# From Good, To Bad, To worse.



## bloo97 (Mar 6, 2010)

A new story about a betta who lives a sad life. ):

I was so happy. Living in a 20 gallon aquarium, I had places to hide, warm water, and plenty of fish to swim with. One day, I heard my person, who was about 18, talk about moving. She loved fish, and was very smart. But one day, I was taken out of my 20 gallon with all of my friends and stuffed in a 10 gallon. 
A month later, I was down-graded to a 5 gallon. I hated the lack of space, and I never saw my other friends. My keeper gave less and less attention to me, until I was put in a one gallon with some gravel, and no filter. I was fed my 7 pellets a day, but no more. I got zero attention. 

Let me know If I should keep going!


----------



## baylee767 (Nov 5, 2010)

yes! I like it so far. (Although I don't think Bettas think of 5 gallons as small lol!)


----------



## bloo97 (Mar 6, 2010)

(Haha but compared to a 20 gallon...)

Conditions got worse from here. I was only fed 3 pellets and never given waterchages. Eventually, a stack of books were placed in front of my bowl. My water was murky, and I couldn't see a thing. I thought this would be my last day on Planet Earth. I sat at the bottom and slept, thinking I was going to die. Suddenly, My water moved and I was being lifted! Her mom was yelling at the tall, girl, with her feet propped up in a table. I watched as a net swooped me out of the water. I was placed into clear water, and I was put into the big machine that brought me here. 
When the machine stopped, I was put on a shelf with other bettas. I was sold! I flared at the betta next to me, but he just watched and said, "Give it u, kid."
"What?" I asked.
"I know, your just scared. Your at Petco. You were sold because your owner didn't want you." 
"How Do you know?" I asked. 
"Same reason I'm here. By the way, I'm Boe"
Boe was old, and probably wouldn't live much longer. I knew that, but I didn't want to believe it. I sat at the bottom of my cup. Suddenly, a boy who was atleast 15, walked up, and picked up Boe and I. Was this a new home?


----------



## Ethan (Dec 3, 2010)

great story is this story real ?


----------



## DormDrax (Dec 1, 2010)

Short... 

but strangely adorable and I want to read what happens heh... 

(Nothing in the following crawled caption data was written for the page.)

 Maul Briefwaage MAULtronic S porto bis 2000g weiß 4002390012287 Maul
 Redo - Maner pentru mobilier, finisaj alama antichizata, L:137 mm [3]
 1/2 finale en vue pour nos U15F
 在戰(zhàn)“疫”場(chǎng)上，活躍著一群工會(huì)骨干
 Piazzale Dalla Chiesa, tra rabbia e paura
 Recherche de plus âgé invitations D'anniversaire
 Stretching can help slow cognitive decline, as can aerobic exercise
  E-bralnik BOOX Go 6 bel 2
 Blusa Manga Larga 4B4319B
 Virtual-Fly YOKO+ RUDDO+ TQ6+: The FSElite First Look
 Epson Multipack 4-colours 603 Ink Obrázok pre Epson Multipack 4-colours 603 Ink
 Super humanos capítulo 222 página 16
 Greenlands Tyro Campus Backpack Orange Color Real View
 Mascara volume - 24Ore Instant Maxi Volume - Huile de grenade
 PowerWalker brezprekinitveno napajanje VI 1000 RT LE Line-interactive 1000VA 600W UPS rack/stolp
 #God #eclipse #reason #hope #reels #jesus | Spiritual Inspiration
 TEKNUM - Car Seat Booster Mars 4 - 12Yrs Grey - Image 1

(Normally never gives out writing compliments since he's a stuck up creative writer currently working on a novel called 'The Forest of Recollection')


----------



## bloo97 (Mar 6, 2010)

Lol ^

Thanks guys! No, this is not true, just making it up as I go! 

***REALLY GOOD CHAPTER AHEAD, IMHO!!***

The boy picked us up and put us in the cart. I also saw a female betta in the cart with us. The boy checked us out and put us in the big machine that took me home and brought me here in the first place. When I got home I saw a HUGE 55 gallon tank, with sand, places to hide, plants, caves, and plenty of other fish. But when I looked up at where I was, I saw a white room with green shelves, and hundreds of fish supplies with Saltwater fish food and freshwater fish food. I looked down and saw a huge rectangle, but In a ditch in the floor. I saw Boe, and the female betta. I notice 3 other female bettas, but they were on a different shelf. Suddenly, the massive tank was put into the ditch and filled with water. I saw 2 clear plastic walls go in the middle of the tank. 
I was dumped into the tank first, and the I saw Boe go in. I swam next to all of the other fish in my 18 gallon half. I swam through caves, plants and eventually started building a bubblenest. Suddenly, I looked out of the glass to see 15 people staring at me. I flared at them, but they pointed and laughed. I swam over to Boe, and asked him, "Where am I?" Boe talked with a deep, slow, southern accent. "Why, son, your at the aquarium! I hear this place has sea turtles, dolphins, and lots of fish!" I could hardly believe it. 
I was being pampered!


----------



## bloo97 (Mar 6, 2010)

Would y'all like me to go on?


----------



## BettaLover659 (Oct 14, 2010)

Yes!!


----------



## bloo97 (Mar 6, 2010)

I did a happy dance and landed on a rock. I noticed Boe floating at the surface. From my angle it looked like he was just sitting there. Suddenly, he flopped over on his side. I screamed, and swam up to his lifeless body. He twitched and said, "See you later, kid.'' He flinched, then died. I rammed the divider, and attacked it I just couldn't bare to see his body. Depressed, I went to sleep. When I awoke I had 55 gallons of freedom. I was so sad, still, but my space kept the sadness away. I was home. Home at last.

*THE END*


----------



## Duncan13 (Nov 7, 2010)

Great Story! Keep Going!!!!!!!!!!!!!!!!!!!!!!!!!!!!


----------



## bloo97 (Mar 6, 2010)

It's over, but I can write more stories later.


----------



## lilyrazen (Oct 25, 2009)

DormDrax said:


> Short...
> 
> but strangely adorable and I want to read what happens heh...
> 
> ...


Same here... I'm always into MY novels and I only ever give compliments if the story is just awesome


----------



## bloo97 (Mar 6, 2010)

Lol!


----------



## Duncan13 (Nov 7, 2010)

LOL! Sorry I didn't notice the THE END


----------



## bloo97 (Mar 6, 2010)

Haha, thats okay.


----------



## dramaqueen (Jul 7, 2008)

Nice story.


----------



## Luimeril (Dec 29, 2010)

great story! i wish more bettas would go to aquariums. >w>

;A; the part with Boe almost made me cry! uh-oh.... i am crying. ;A;


----------



## bloo97 (Mar 6, 2010)

:thankyou:

(It will be okay! You will live! lol)


----------